Киев в оккупации: документы и легенды

Никитин

С писателем Алексеем Никитиным и литературоведом Кэтрин О’Нил, —  она — профессор русской культуры в Военно-морской Академии США, переводит на английский роман Никитина Victory Park,  — говорим об истории, персонажах, спорте, чувстве времени и Киеве в новом романе Алексея Никитина «От лица огня» — в українському перекладі «Бат-Амі».

Кэтрин, вы уже что-нибудь знаете о новом романе Алексея?

Кэтрин: Да, я прочитала его в ноябре 2020, после первого разговора с Алексеем. 

Вы читали Victory Park.
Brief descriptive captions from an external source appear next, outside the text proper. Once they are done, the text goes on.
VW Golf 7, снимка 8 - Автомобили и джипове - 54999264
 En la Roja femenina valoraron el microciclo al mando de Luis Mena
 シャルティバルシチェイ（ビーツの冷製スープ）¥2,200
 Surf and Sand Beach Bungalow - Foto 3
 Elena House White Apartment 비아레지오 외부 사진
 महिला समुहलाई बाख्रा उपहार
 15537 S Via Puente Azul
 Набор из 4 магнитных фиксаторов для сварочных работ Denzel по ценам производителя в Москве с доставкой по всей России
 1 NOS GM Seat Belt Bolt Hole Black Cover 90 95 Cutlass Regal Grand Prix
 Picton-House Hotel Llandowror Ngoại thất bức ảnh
Вы влюбились в Киев конца 80-х – 90-х, и приехали в Киев переводить этот роман. А в новом – история довоенного и послевоенного Киева. И как вам это чтение?

Кэтрин: Чтение было интересным и близким. Киев – «главный герой» не только в «Victory Park», но и во всех романах Никитина, он в них как-то… оживает. Я прочитала «Санитара с Институтской», «Истеми» и «Маджонг», можно сказать, я познакомилась с Киевом через романы Алексея. В новой книге присутствует довоенный, военный и послевоенный Киев; многие знакомые улицы и районы в те годы выглядели совсем иначе. Всё это было ново для меня и необычно. Конечно, привлекает внимание сюжетная линия реба Нахума, яркая фигура Гитл.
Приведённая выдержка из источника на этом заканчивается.